Takata's CEO Just Took A Big Ol' Pay Cut
Good Morning! Welcome to The Morning Shift, your roundup of the auto news you crave, all in one place every weekday morning. Here are the important stories you need to know.
1st Gear: Do Better Next Time
Shigehisa Takada, the CEO of the Japanese parts supplier Takata Corp. currently embroiled in a massive recall scandal involving deadly exploding airbags, took a huge pay cut in the last financial year. The company said it would slash executive salaries as the crisis escalated, which makes sense not only for PR reasons but because their costs are probably skyrocketing as they attempt to fix this issue. Via Reuters:
Chief Executive Shigehisa Takada earned less than 100 million yen ($810,373) in the business year ended in March, or less than half of the 206 million yen ($1.67 million) he took home in the previous year, a regulatory filing showed on Friday.
Listed Japanese companies are required to disclose individual executive compensation only if it exceeds 100 million yen. The filing did not specify his compensation.
Anyone else feel like if he was American, he would have gotten a pay raise? And a new boat?
2nd Gear: Honda Profits Down Over Airbag Recalls
While we're on the subject of Takata, Honda today revised down their annual earnings from what was projected for the fiscal year that just ended. The bottom line has taken a hit over the Takata airbag recalls, now blamed for eight known deaths. From the AFP:
The nation's third biggest automaker said its net profit for the year to March this year was 493 billion yen, or $4 billion, falling 14.1 percent from the previous year.
The level compared with the originally announced 522.7 billion yen that would have marked an 8.9 percent annual slide.
Honda and Takata reportedly knew about these problems for more than a decade. Maybe if they had taken more decisive action sooner, they wouldn't be in this boat today. There's a lesson here about fixing things before they snowball into catastrophes.
3rd Gear: No Driverless Jaguars And Land Rovers Coming Soon
Most automakers are exploring autonomous driving technologies to one degree or another. But the R&D chief at Jaguar Land Rover, a company currently in a renaissance of sorts with lots of fast and pretty vehicles, says they have no interest in that and never will. From Automotive News:
"We don't consider customers cargo. We don't want to build a robot that delivers the cargo from A to B," he told journalists at an event held at JLR's r&d center here in central England.
Epple said JLR is working on autonomous driving features for future models, including a remote control function to allow the driver to operate the car outside the vehicle using a smartphone.
Functions, yes, but not full control by the machine.
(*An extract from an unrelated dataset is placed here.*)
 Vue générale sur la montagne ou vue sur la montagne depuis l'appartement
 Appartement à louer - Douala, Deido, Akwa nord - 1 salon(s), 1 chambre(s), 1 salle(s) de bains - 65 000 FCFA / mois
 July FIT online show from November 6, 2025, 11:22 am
Good to know not everyone's on board with the driverless Uber pod thing.
4th Gear: Maker Of The Nissan Titan Gets The Stadium Where The Titans Play
Nissan's U.S. headquarters is in Tennessee, and they now build a lot of their cars there. So it makes sense that they would try and sponsor the NFL stadium here where the Tennessee Titans play. They just won naming rights to the stadium for the next 20 years. From Automotive News:
But the pair-up also comes at a serendipitous moment for the automaker: Late this year in the midst of football season, Nissan will launch a major introduction of its redesigned full-size pickup — coincidentally named the Titan.
"That's quite a cool coincidence for us," said Fred Diaz, Nissan's senior vice president for U.S. sales & marketing and operations. "But this is really a way to showcase Nissan's presence and involvement here in the heartland of the United States. This is going to make our employees and customers here very proud."
5th Gear: Can Alfa Romeo Do What Jaguar Has Done?
Speaking of Jaguar, The Detroit News' Daniel Howes has an apt comparison to the attempted U.S. comeback of Alfa Romeo, starting with the 510 horsepower Giulia sport sedan:
Seriously, think Jaguar. Here was a storied British marque, its heritage mostly squandered, tracing a middling slide greased by its owners in Dearborn. Their alleged BMW 3-Series fighter, the X-Type, boasted substantial bits from the Ford Mondeo sedan, a lineage that (fairly or not) undermined the car's credibility from the jump.
[...] Today's Jaguar, like GM's Cadillac, aspires to outperform the Germans, not look like them. Judging by the lines of the new Alfa Romeo Giulia unveiled this week in Italy, Marchionne & Co. are headed in the same direction — distinctive, slightly muscular Alfa styling that evokes more Maserati then Mercedes.
Comebacks are possible, they're just tough.
Reverse: And We Haven't Updated Or Repaired Them Since
Neutral: How Expensive Will The Takata Recalls Get For Automakers?
And Takata? This entire crisis is about to get very costly.